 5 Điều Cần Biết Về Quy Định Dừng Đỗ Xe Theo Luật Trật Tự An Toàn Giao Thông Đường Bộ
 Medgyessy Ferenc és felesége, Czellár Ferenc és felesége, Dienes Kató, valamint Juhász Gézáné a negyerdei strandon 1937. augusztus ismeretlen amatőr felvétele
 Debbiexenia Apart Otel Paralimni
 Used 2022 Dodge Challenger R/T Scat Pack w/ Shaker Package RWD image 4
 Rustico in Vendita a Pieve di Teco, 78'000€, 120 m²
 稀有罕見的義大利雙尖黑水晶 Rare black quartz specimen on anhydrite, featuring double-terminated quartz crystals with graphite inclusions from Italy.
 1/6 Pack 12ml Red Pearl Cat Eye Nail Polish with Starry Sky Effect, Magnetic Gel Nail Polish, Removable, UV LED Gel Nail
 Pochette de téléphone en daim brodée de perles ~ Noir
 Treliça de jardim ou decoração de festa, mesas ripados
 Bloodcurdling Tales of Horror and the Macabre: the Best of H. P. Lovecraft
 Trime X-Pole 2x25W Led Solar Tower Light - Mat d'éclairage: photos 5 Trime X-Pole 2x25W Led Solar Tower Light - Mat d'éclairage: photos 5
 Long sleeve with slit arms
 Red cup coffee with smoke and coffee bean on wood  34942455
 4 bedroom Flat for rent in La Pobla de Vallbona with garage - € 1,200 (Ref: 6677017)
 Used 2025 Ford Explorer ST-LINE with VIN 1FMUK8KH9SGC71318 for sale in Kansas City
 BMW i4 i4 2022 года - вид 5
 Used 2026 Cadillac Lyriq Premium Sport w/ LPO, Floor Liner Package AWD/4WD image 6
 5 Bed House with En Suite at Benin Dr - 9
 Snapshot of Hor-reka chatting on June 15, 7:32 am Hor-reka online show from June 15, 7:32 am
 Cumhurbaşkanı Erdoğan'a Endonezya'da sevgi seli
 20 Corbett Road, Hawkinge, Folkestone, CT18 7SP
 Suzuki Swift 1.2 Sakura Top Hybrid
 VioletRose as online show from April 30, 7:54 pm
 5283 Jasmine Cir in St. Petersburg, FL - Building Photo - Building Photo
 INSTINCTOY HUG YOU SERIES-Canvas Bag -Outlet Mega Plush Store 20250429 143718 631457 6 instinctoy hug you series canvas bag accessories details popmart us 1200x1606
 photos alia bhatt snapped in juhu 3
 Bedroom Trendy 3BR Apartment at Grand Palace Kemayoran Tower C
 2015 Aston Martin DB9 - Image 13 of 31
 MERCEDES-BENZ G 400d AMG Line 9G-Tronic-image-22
----
Reproduce every line above containing "Tower".

 Trime X-Pole 2x25W Led Solar Tower Light - Mat d'éclairage: photos 5 Trime X-Pole 2x25W Led Solar Tower Light - Mat d'éclairage: photos 5
 Bedroom Trendy 3BR Apartment at Grand Palace Kemayoran Tower C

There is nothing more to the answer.